EXERCISE PROMPT> From the data below, return only the lines from the one with "An event transportation" through the one with "Oak Beam Chandelier", exact and inclusive, with pictures left out.

INFORMATION SUPPLIED>

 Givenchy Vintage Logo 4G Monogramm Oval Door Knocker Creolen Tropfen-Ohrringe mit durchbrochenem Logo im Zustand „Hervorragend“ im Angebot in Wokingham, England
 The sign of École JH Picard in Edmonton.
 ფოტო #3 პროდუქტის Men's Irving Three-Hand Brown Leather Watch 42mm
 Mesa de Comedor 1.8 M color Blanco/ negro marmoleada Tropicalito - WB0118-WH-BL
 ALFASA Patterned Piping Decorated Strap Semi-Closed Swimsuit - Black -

---

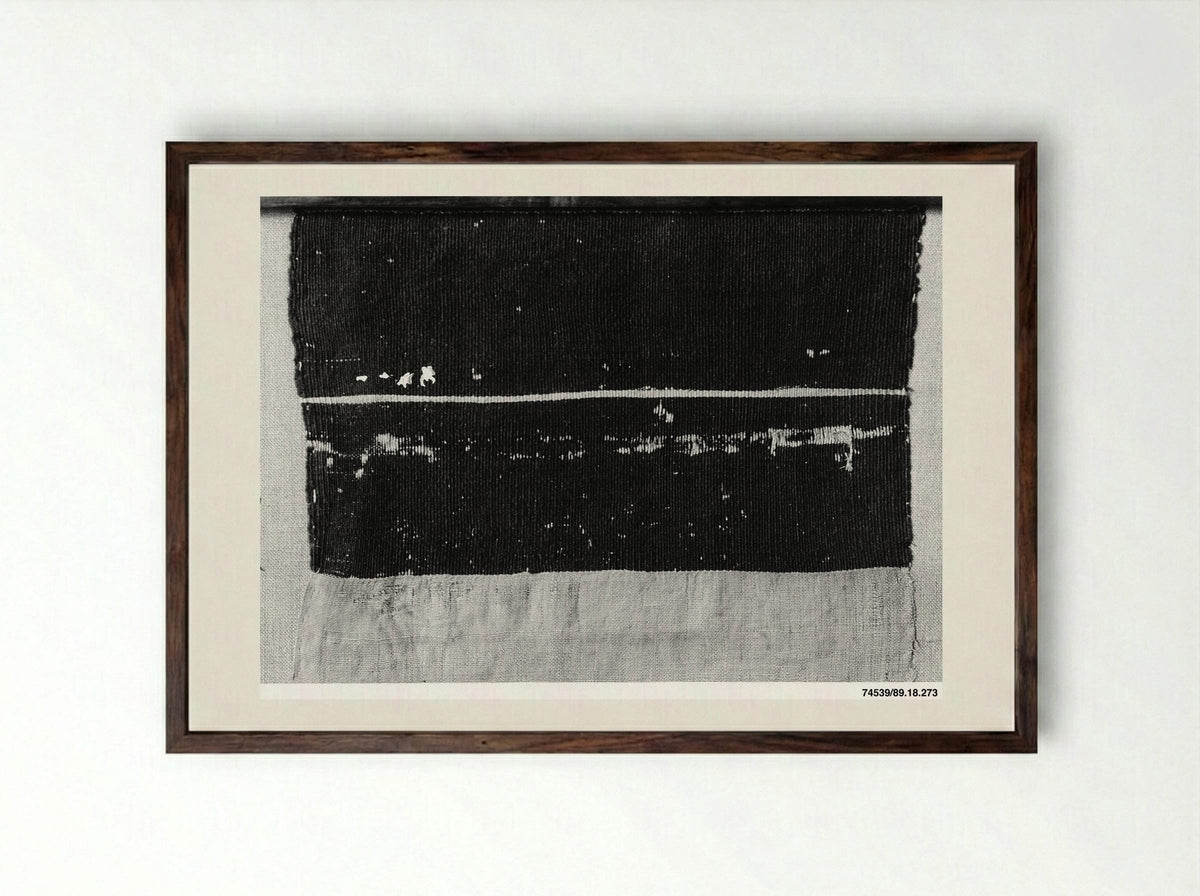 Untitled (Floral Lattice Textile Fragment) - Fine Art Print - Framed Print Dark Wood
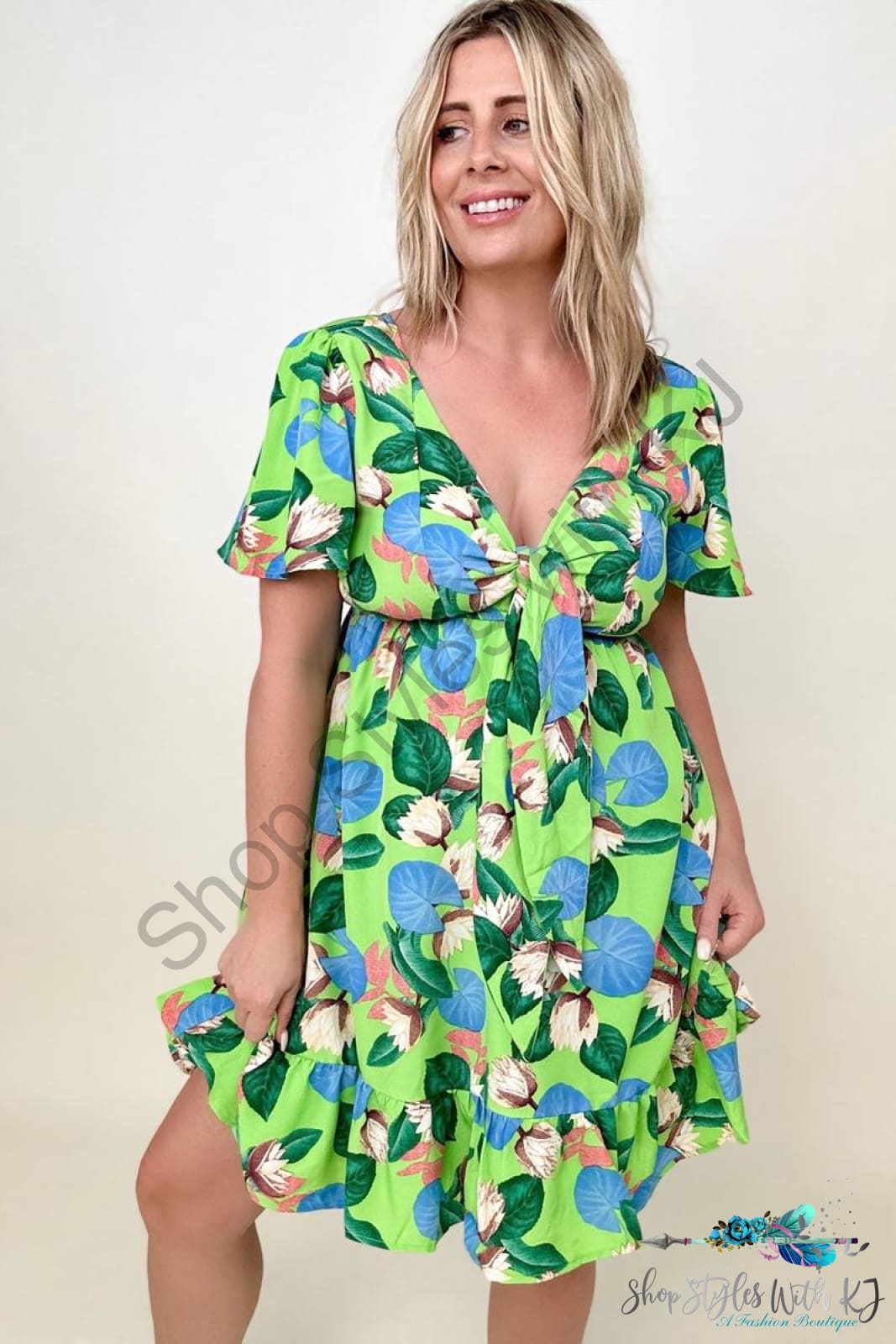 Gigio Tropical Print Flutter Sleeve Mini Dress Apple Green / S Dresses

...

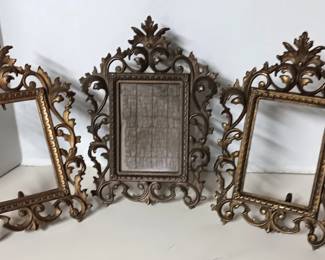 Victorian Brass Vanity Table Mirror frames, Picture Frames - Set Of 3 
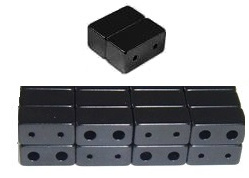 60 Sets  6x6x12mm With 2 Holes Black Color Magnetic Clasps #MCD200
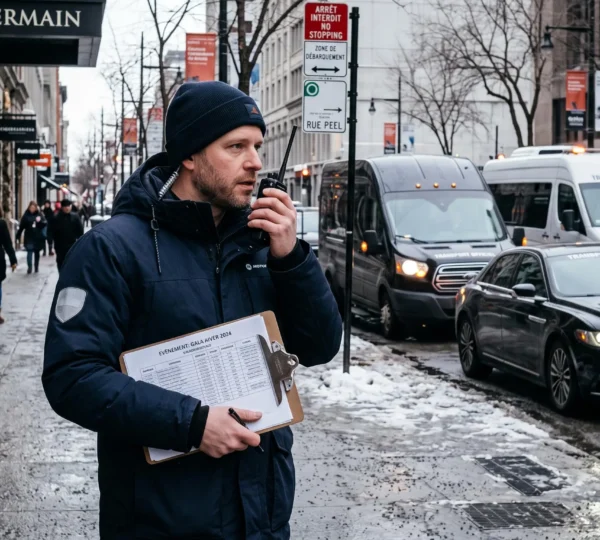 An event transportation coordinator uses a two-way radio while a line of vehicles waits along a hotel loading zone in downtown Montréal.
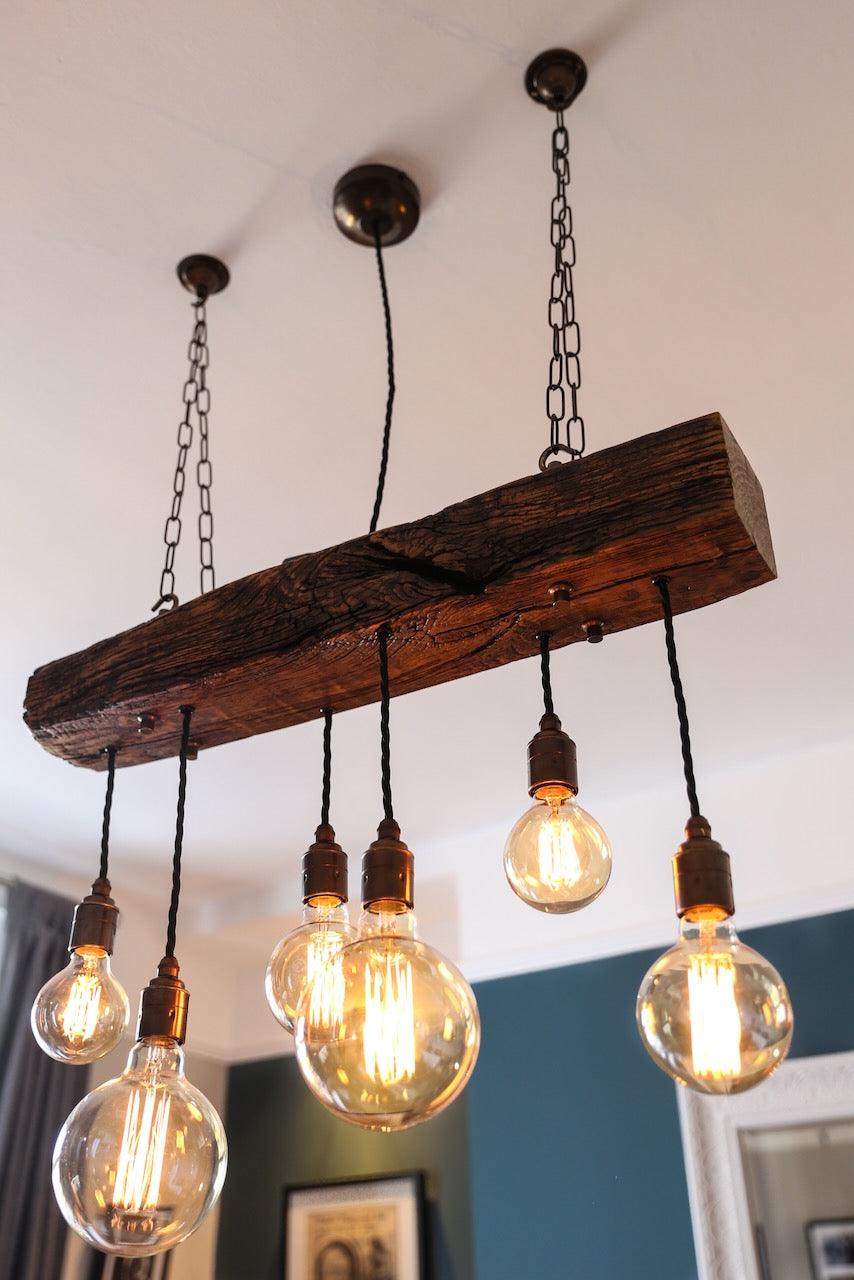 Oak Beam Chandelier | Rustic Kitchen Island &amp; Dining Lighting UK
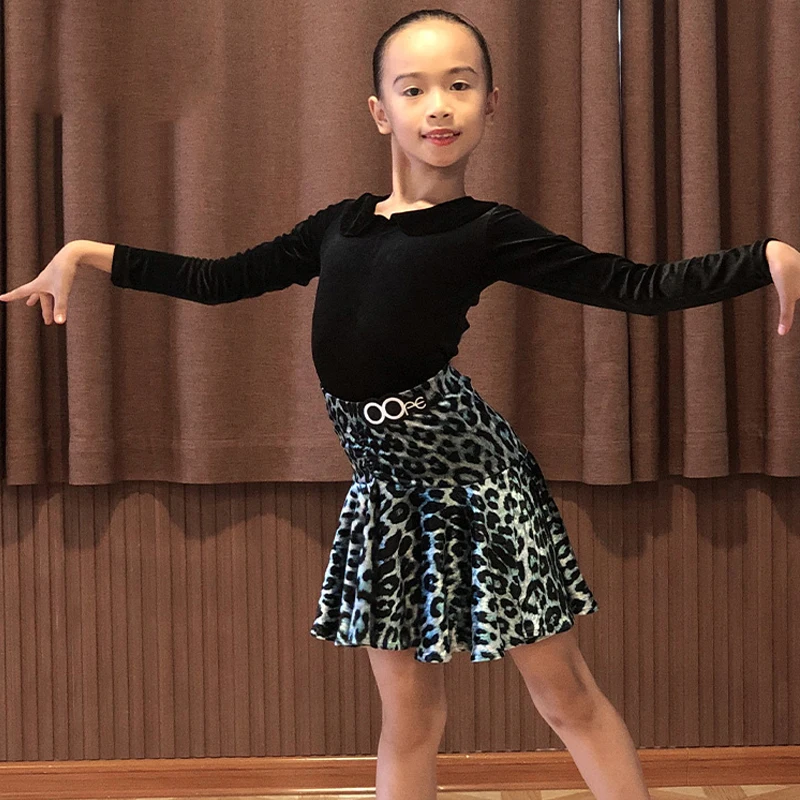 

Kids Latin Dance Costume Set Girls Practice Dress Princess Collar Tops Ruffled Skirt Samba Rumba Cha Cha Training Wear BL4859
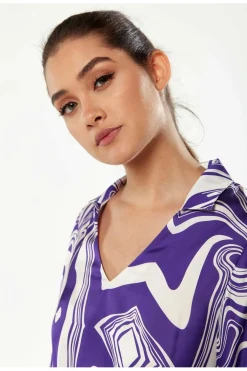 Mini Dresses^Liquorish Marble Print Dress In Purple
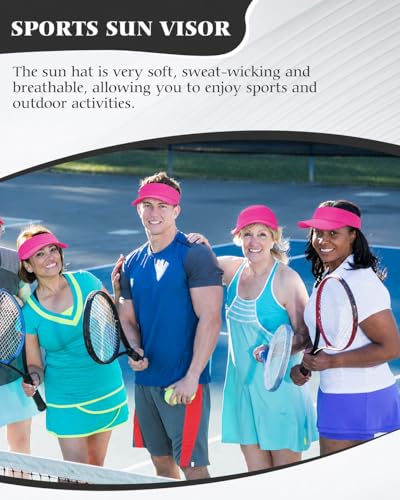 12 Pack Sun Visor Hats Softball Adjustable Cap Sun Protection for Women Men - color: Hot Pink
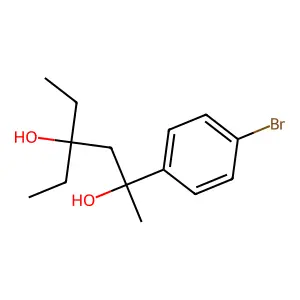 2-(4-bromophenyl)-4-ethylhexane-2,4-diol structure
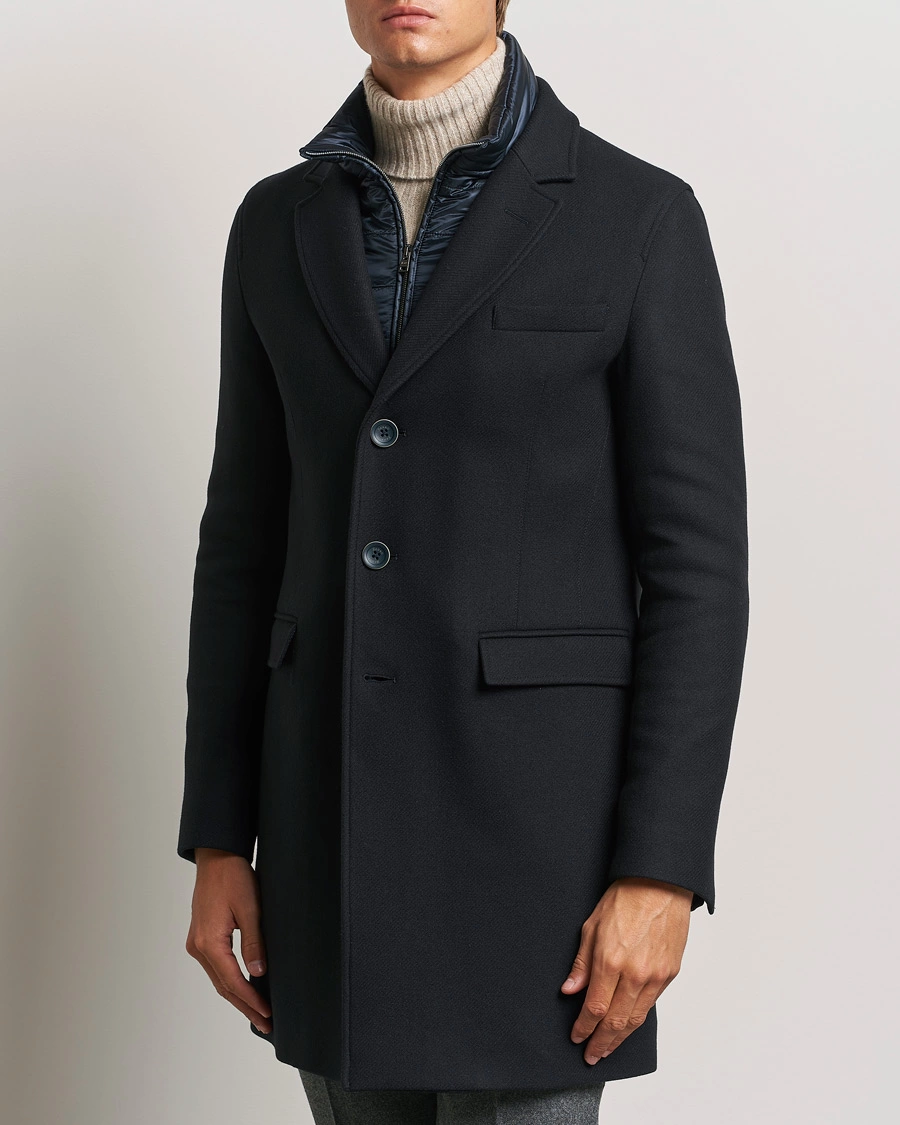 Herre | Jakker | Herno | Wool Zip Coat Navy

SOLVED PROBLEM>
 An event transportation coordinator uses a two-way radio while a line of vehicles waits along a hotel loading zone in downtown Montréal.
 Oak Beam Chandelier | Rustic Kitchen Island &amp; Dining Lighting UK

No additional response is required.